Heidelberg and the Grosses Fass
This is about the point in my trip where I start fancying a new piercing or possibly a tattoo. I did pass by the piercing studio several times during my stay in Heidelberg but no, I was mostly just using that one-liner to get you to read this entry. I know, I’m a turd. This doesn’t mean that I won’t have one or both of those adornments by the time I leave Switzerland, but it turned out that Heidelberg was just not where it was going to happen.
If Heidelberg was a band it’d be sort of a one-hit wonder. The major attraction in the town is the Schloss Heidelberg, a once magnificent castle built in 1214 that’s now about half of what it once was. Mark Twain actually stayed in Heidelberg for three months, during which time he wrote the book A Tramp Abroad, where he mentioned that the castle would be quite stunning if Napoleon hadn’t managed to pass through and do a major number on it. The castle does have a lot to see, so it’s not as if I rode the train for another four hours to see a pile of rubble. It’s a grand fortress, even with parts of it missing. There’s a dramatic view of the old town below from its ramparts, a pharmacologic museum (Dr. Jekyll and Mr. Hyde style), and best of all kleines Fass and grosses Fass, the little barrel and the big barrel. In fact, when I first walked in, I thought the little barrel was the big barrel. Here’s kleines Fass, with a guy in the photo for size comparison:
Teensy, ain’t it? Now check out grosses Fass:
My feeble photography attempts can’t even do this wine barrel justice. It’s so big that you can take a staircase to the top of it where there’s a deck big enough for a BBQ. That’s one helluva keg party.

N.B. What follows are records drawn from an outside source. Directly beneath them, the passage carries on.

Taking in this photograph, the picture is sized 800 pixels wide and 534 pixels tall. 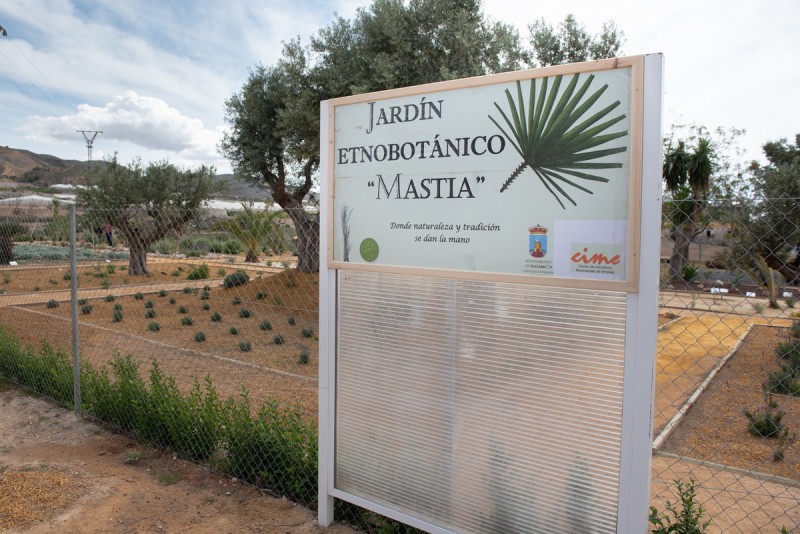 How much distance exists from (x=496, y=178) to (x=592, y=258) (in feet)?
1.81

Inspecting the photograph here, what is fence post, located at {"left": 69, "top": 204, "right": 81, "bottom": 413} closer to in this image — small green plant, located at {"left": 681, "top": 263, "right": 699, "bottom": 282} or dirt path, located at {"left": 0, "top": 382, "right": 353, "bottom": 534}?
dirt path, located at {"left": 0, "top": 382, "right": 353, "bottom": 534}

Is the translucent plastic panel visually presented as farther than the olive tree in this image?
No

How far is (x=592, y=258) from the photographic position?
2195 millimetres

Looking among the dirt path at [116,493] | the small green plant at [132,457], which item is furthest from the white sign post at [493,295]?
the small green plant at [132,457]

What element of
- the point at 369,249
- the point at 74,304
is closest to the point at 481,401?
the point at 369,249

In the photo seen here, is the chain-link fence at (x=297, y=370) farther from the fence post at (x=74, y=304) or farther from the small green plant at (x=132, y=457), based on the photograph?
A: the small green plant at (x=132, y=457)

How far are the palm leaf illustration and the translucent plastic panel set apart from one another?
476 mm

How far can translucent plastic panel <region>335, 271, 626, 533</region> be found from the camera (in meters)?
2.22

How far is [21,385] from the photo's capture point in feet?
20.5

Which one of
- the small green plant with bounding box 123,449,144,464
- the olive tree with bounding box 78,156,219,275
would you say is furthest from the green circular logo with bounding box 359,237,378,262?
the olive tree with bounding box 78,156,219,275

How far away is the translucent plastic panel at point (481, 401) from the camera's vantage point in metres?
2.22

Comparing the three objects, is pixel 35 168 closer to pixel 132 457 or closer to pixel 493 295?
pixel 132 457

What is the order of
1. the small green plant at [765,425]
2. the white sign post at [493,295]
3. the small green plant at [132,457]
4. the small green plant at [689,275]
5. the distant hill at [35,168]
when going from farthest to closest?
the distant hill at [35,168], the small green plant at [765,425], the small green plant at [132,457], the small green plant at [689,275], the white sign post at [493,295]

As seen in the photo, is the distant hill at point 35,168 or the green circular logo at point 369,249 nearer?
the green circular logo at point 369,249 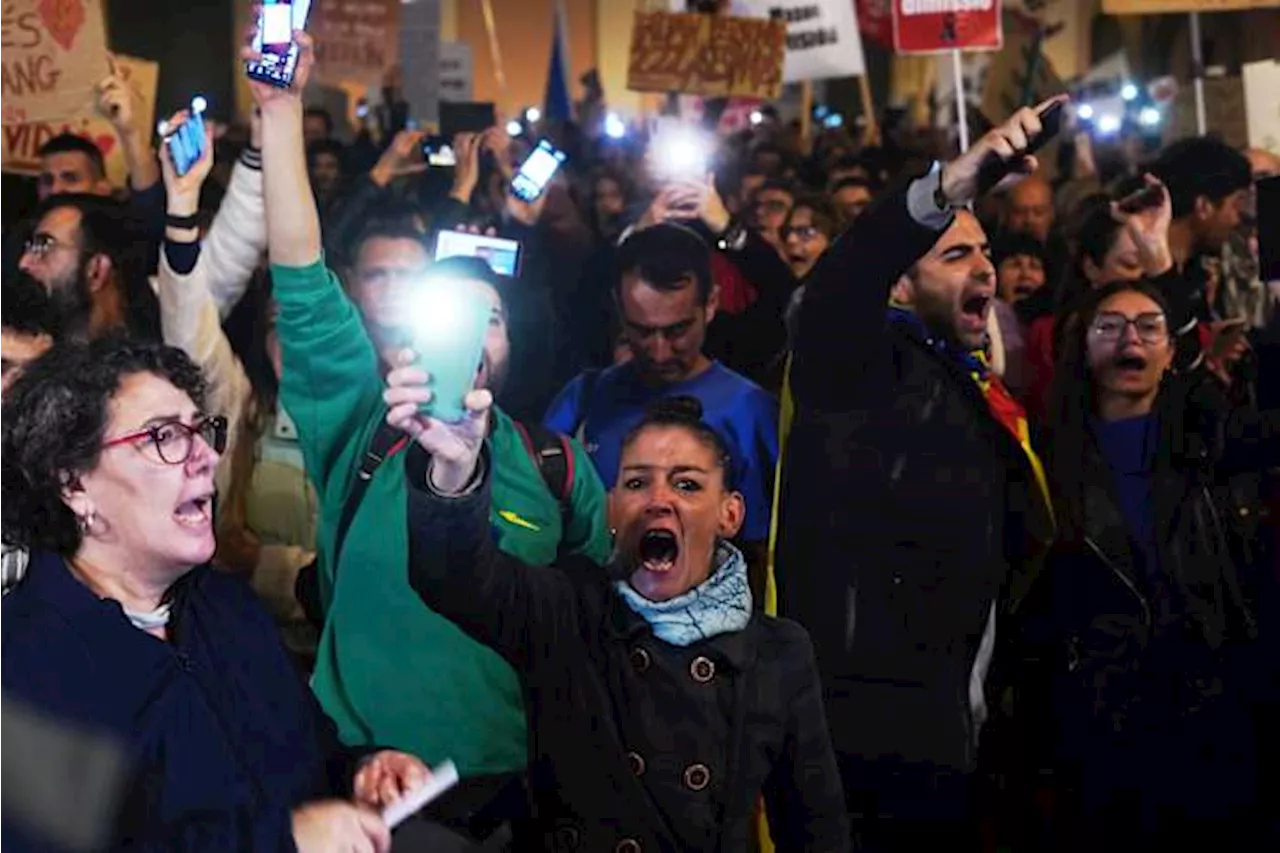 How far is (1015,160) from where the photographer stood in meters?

The Deutsches Apotheken-Museum (German Pharmacy Museum) has a surprisingly large collection of scary beakers and glass vats from the 13th century onwards. They’re mostly those long-nosed things that hang over the shelf and empty into another freaky long-nosed beaker or some kind of vat. It would appear that stuff is boiled inside these beakers at which point they bubble over through the spout, but frankly, I didn’t get close enough to find out as they gave me the heebie jeebies.
There’s a really impressive view of the castle if you’re daring enough to climb up Philosopherweg (Philosopher’s Way) in the middle of a July heat wave in Heidelberg. It’s said the walk is for lovers, but after standing out with a sign for hours that said “Ich brauche Liebe” and coming up empty-handed, I braved the path alone. Halfway up I ran into an English couple complaining incessantly about the heat (ok, only the wife was) and the steepness of the grade. I sat down on the bench at the lookout point where they’d stopped to bitch and their daughter jumped out of the bushes and tried to ask me in German about as terrible as mine if I’d take their photo. “That German,” I replied, “probably won’t work too well. But I can totally take your photo in English.” This was enough to get the mom and dad to start chatting and eventually asking me all about my travels and life in Switzerland. I’ve become pretty good at summing up life in Switzerland in five minutes, but less successful at briefing people on where I’ve been since January. If I’m not forgetting Rome, I’m forgetting South Africa and vice versa. But yes, there are worse problems one could have.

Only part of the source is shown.